為了紀念「橋頭事件」36周年,這一天,陳菊、陳婉真、施明德、陳鼓應、姚嘉文、周平德、范巽綠等ㄧ群「黨外時期」老戰友重返現場。市長陳菊帶頭,一群人仿照當年攜手舉起「復刻版」白布條,上書「立即釋放余登發父子」「堅決反對政治迫害」,從余登發的故居(如今已成民主紀念館)出發,一路遊行到200公尺外的鳳橋宮,全台人氣最旺的市長以她慣常的鏗鏘有力發表演說:「歷史是公平的。當年在戒嚴令下要從余家走出這第一步是危險,當年有人不敢來,歷史就不會留下他們的紀錄,敢參與的人,歷史就有紀錄。」陳菊嘆息,老照片中和她同年同月同日生的陳婉真青春年少,「看起來真古錐,如今我們已漸漸老去,重新再走這段路,感慨很深。」
(余政憲〈左〉與姚嘉文〈右〉重會於橋頭。

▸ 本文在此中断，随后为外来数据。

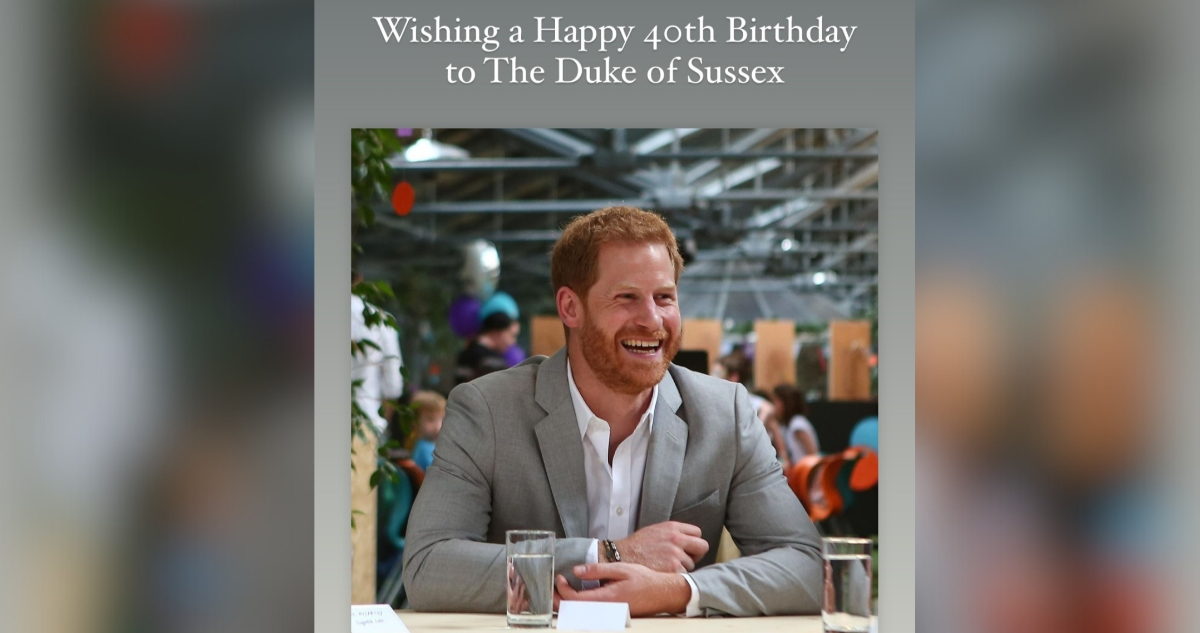 La Casa Real británica y los príncipes de Gales felicitan al príncipe Harry por su cumpleaños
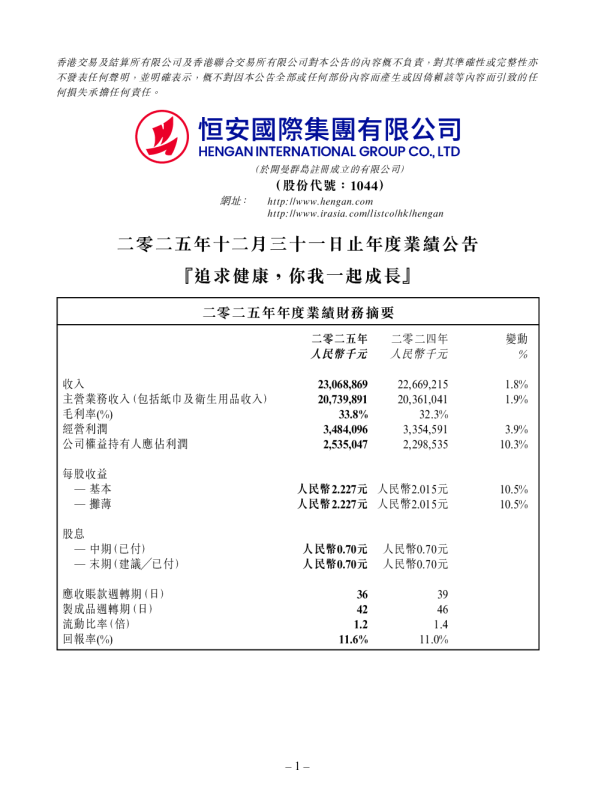 恒安国际：二零二五年十二月三十一日止年度业绩公告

楊子磊攝)
高雄冬陽好溫暖,旁邊跟著走的鄉親興高采烈,空氣中有一種類似慶典的氣氛。遊行路線可以復刻,白布條可以復刻,但當年的肅殺緊張悲壯,實在太遙遠太難以想像。在民主自由如空氣般理所當然存在的此刻台灣,我忍不住想,這樣的紀念活動,以及下午的研討會,意義在哪裡?如果連緊接著發生的高雄事件都逐漸被大眾遺忘了,橋頭事件又為什麼要被特別記得?

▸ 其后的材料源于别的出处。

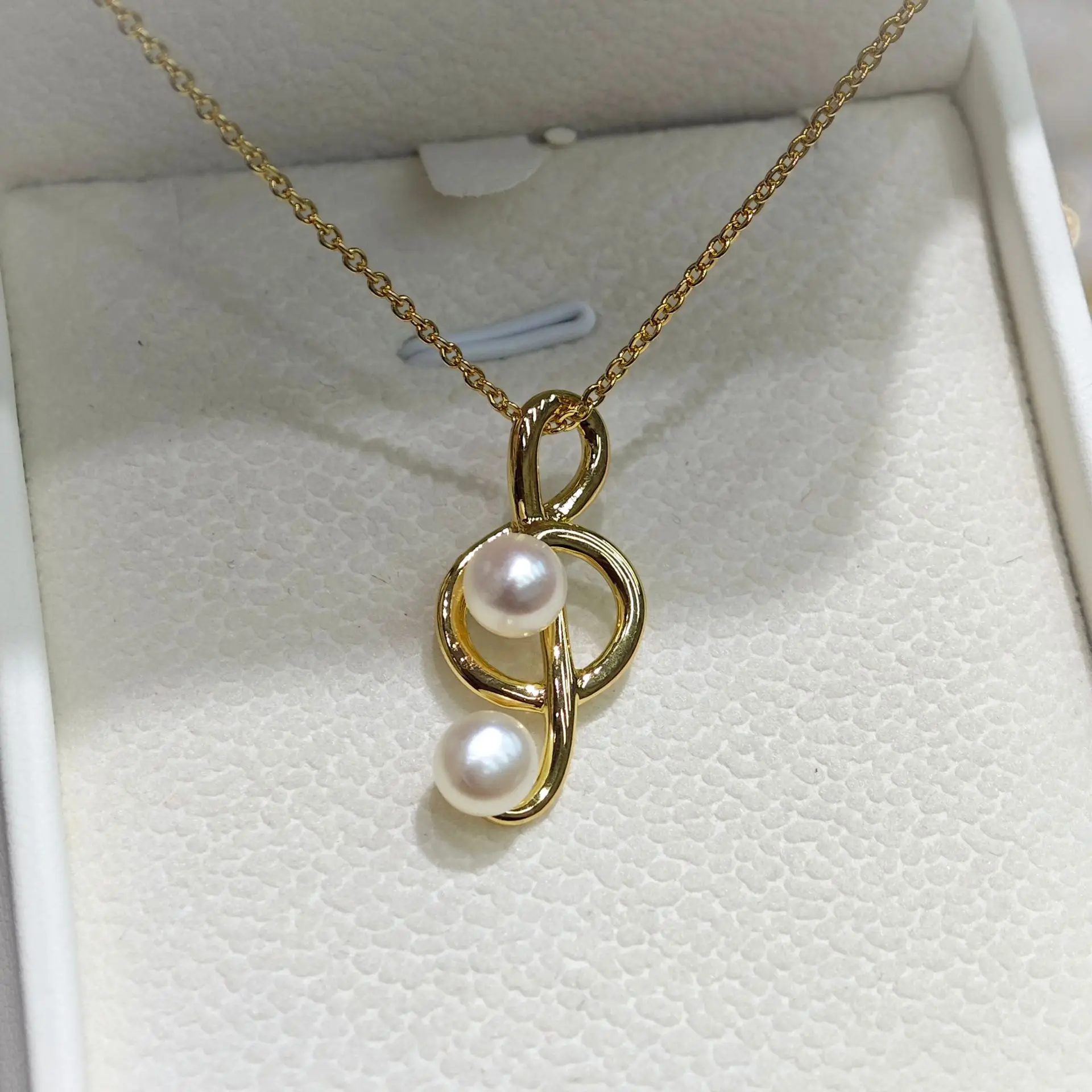 Luxury Pearl Flower Necklace Set Gold Chain - Image 65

有此疑問的顯然不只我。高鐵上,施明德的女兒問他:「爸爸,那天有多少人來參加遊行?」「二十幾個?」「人這麼少?有什麼好紀念的?」
「橋頭事件的重要性被低估了!」目前在北京大學任教、年近八旬的陳鼓應,對這個問題有很清晰的答案。他認為,橋頭事件一舉突破了國民黨30年的戒嚴統治,堪稱是台灣民主歷史劃時代的大事。在那之前,只要三個人聚在一起共商國是,討論改革,依據當時法令,就可能被起訴,被判七年以上有期徒刑。在北京大學任教的陳鼓應正是這場紀念活動的發軔者,近年勤於往返兩岸,半年前在一次與余政憲、范巽綠的聚會中,建議籌辦紀念余登發的活動。這一天,他帶著兩位大陸來的朋友,隨行記錄與採訪。
身為活動總指揮,施明德和當時任桃園縣長的許信良是最重要的關鍵人物。他回顧七0年代末期,反對國民黨威權統治的黨外異議力量不斷蓄積升高,但反對陣營人人有主見,誰也不服誰,幸好「北有信介仙,南有余登發,一南一北把大家箍在一起。」1977年,台灣舉辦五項公職選舉,黃信介與康寧祥組成「黨外後援會連線」黨外人士從單打獨鬥到初見全島性串連。1978年,更組成「台灣黨外人士助選團」,為年底中央民意代表選舉巡迴助選。可以說,當時黨外形勢大好,陳鼓應、楊青矗、王拓和陳婉真都是呼聲極高的候選人。沒想到,12月16日,美國與中共宣布建交,「美中關係正常化」,宣布停止中央民意代表選舉,黨外人士共同發表「黨外國是聲明」,大聲疾呼「台灣的命運由台灣1700萬人決定。」